Johnson is notorious for his manipulations of the press and his decades-long playing of a very particular game of spin. We’ve talked before about how he used the comedic buffoon persona honed on appearances of Have I Got News For You to his benefit, accruing power and popularity through the pretence of adorable ineptitude. He’s also a man who has clung to a discomfiting image as a lothario, long after such notions of playboy charm became outdated and wildly creepy. This is a man who has had multiple extra-marital affairs while married to his now-former wife, Marina Wheeler, including one instance where a mistress had an abortion and another love child ended up being confirmed via a court case. The reality of him shacking up with a woman 24 years his senior has barely made a blip in the media landscape, which doesn’t happen without some behind-the-scenes machinations, especially when you’ve spent years being known as the man who regularly cheated on your wife.

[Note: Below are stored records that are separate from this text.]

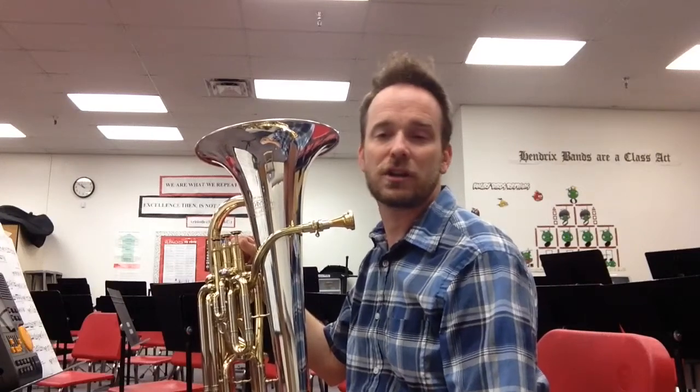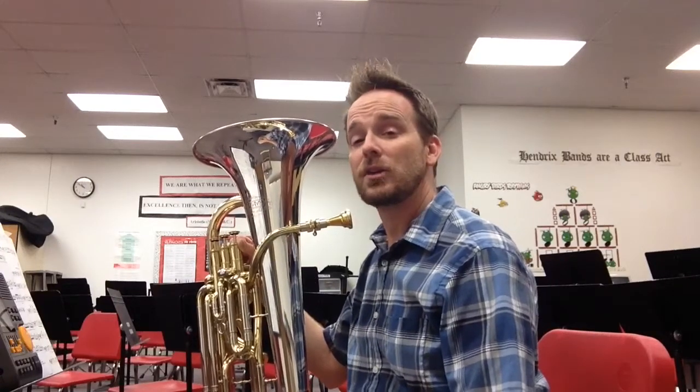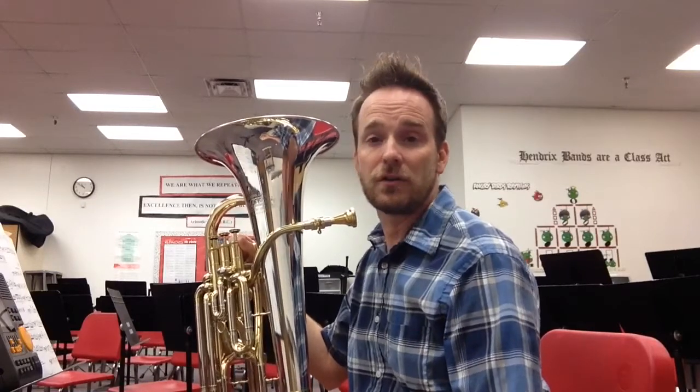Hi, Brian Wilson here for iPlayEufonium.com. Today I'm going to play for you Etude No. 1 from the AMEA Regional and All-State Festival Euphonium Audition Music.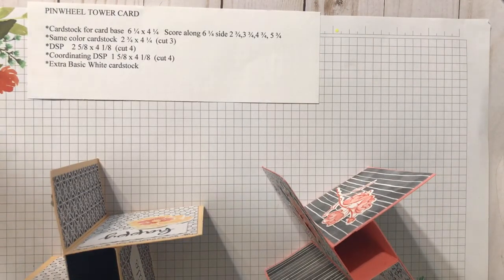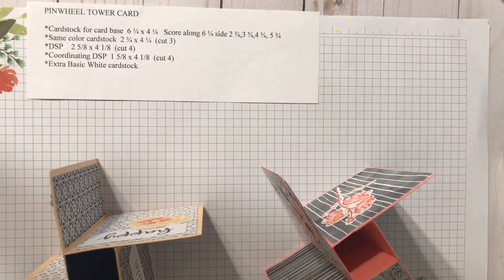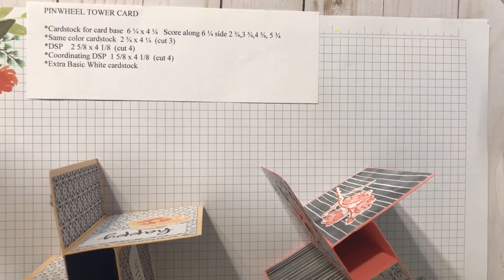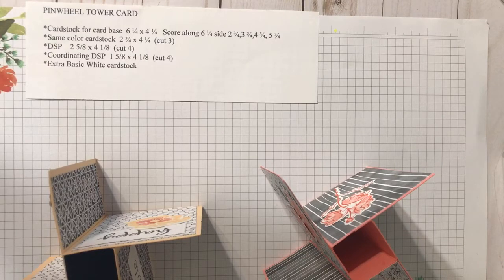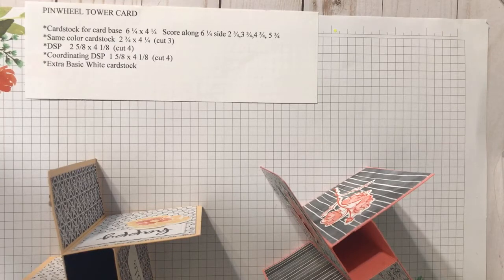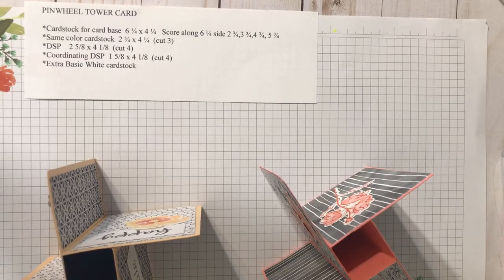Good morning! This is Deanna Blackman, Stampin' Deedee at Stampin' Deedee's Doin's, and we are here today to make a pinwheel tower card. I want you to know when I first saw this card I thought, oh my word, I would never do that, that is way too much trouble — but it's not, it's really not.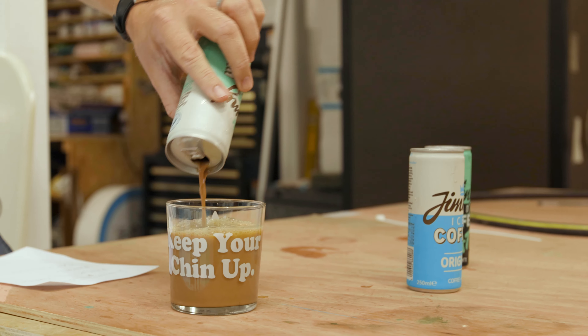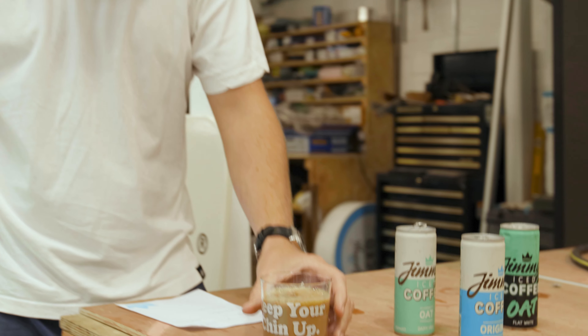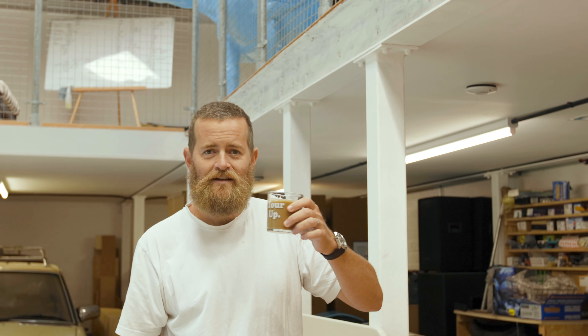And oat is just the winner. And that, ladies and gentlemen, is one way to keep your chin up.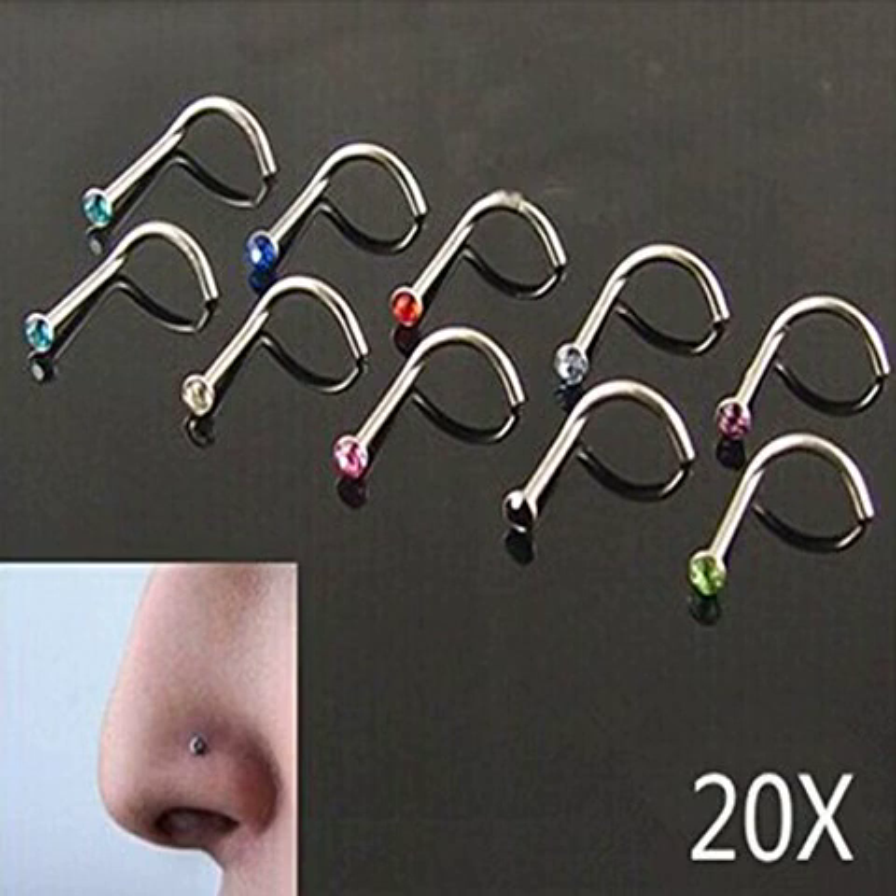TinkSky 20 PCS Nose Screw Studs Rings Rhinestone Crystal Gem. This item is a fashion and attractive nose stud, which is made of titanium steel and rhinestone. Top luster makes you beautiful and elegant, and it is painless and safe to wear. It is suitable for both man and woman for use on different occasions like parties or banquets — wonderful to go with it. Nose studs will be sent in random colors. Material: titanium steel. Size: 10-2mm.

But the Symonds conundrum has another sticky side-effect to be dealt with. Before he became the new Tory Party leader and Prime Minister, Johnson had to deal with the fallout from a loud domestic argument with Symonds that led to a visit from the police. His neighbours reported ‘loud altercation involving screaming, shouting and banging.’ One neighbour told the Guardian that ‘they heard a woman screaming followed by “slamming and banging”. At one point Symonds could be heard telling Johnson to “get off me” and “get out of my flat”.’ It’s an obviously unnerving instance and one that both Johnson and the Tory-friendly press pushed against. The neighbours were smeared as leftist insurgents out to damage his leadership campaign. Newspapers claimed it was a mere argument between lovers, the kind we all have, and that their privacy shouldn’t be invaded. Selected newspapers revealed a photograph of Boris and Symonds looking loved-up together in a local pub garden, in an image that represented the very antithesis of spontaneity and authenticity. It was PR spin, obvious to anyone with a pulse, but it was enough for his supporters to prove that no damage had been done. Whatever happened during that argument, it was clear that both parties involved wanted to steer the narrative in their favour.
The press love to spin any action by a vaguely powerful woman as one of inherently feminist value. You see this every time a milquetoast liberal talks about not agreeing with Sarah Huckabee Sanders or Ivanka Trump’s politics but appreciating how they do their job with dignity or whatever nonsense buzzword is popular that day. The mostly silent woman standing beside the bigoted egotist who garnered power through weaponized racism and xenophobia gets to be fetishized as a golden idol of exceptionalism merely because she is there. At the very least, she gets to be another clothes horse to fawn over, as fashion magazines once again pretend the dress and heels have no political meaning or shield-like force because of who is wearing them.
The chances are that Symonds won’t be modelled as a Michelle Obama or even a Melania Trump. We don’t have the structures in place to make that happen. However, we should always be skeptical of the softened narrative that surrounds the political spouse. This is a woman, a former Tory advisor, who knows exactly what kind of power being in Johnson’s life as his partner provides. The women may change but the world keeps spinning.